【岩崎俊夫BLOG】社会統計学論文ARCHIVES

社会統計学分野の旧い論文の要約が日課です。

時々、読書、旅、散策、映画・音楽等の鑑賞、料理とお酒で一息つきます。

ヘンリー・コスター監督「オーケストラの少女(One Hundred Men and A Girl)」(アメリカ、1938年)

2017-07-21 14:24:05 | 映画

        


  天才少女歌手と騒がれたダイアナ・ダービン、指揮者で当時の最高権威であったレオポルド・ストコフスキー、そしてフィラデルフィア交響楽団が出演し話題となった作品。全編に少女の願いと行動、人間の善意が溢れ、心が温まる。原題は「100人の男と少女」。

 冒頭、レオポルド・ストコフスキー指揮、フィラデルフィア交響楽団によるチャイコフスキー交響曲第六番「悲愴」第四楽章が流れる。

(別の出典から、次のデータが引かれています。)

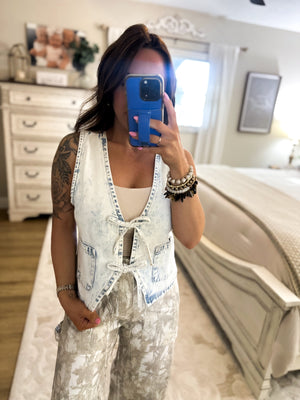 Raven Acid Wash Bow Tie Vest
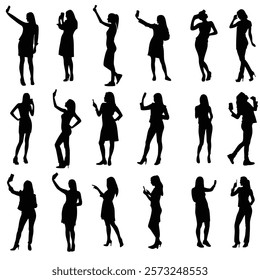 A set of woman taking selfie with phone vector silhouettes illustration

失業中のトロンボーン奏者、ジョン・カードウェル(アドルフ・マンジュー)を父に持つパトリシア[愛称パツィ](ダイアナ・ダービン)はまた楽団で演奏できる機会をつくりたいと願っていた。ジョンはいくつかのオーケストラに楽団員として雇ってくれないかと頼みにまわったが、どこにも相手にされなかった。コンサートで演奏を終えたストコフスキーにも雇ってもらおうとしたが、ホールの従業員に追い返された。コンサート会場からアパートにしょげて戻る途中、彼は偶然、財布を拾い、遺失物として劇場に届ける。しかし、従業員に再び有無もなく締め出された。その財布をもち帰ったことで話しが展開を始める。帰宅後、大家に家賃を請求された父は成り行きでその財布から支払いをした。パツィに問われたジョンは真相を言いそびれ、「楽団員に雇われた」と嘘を言った。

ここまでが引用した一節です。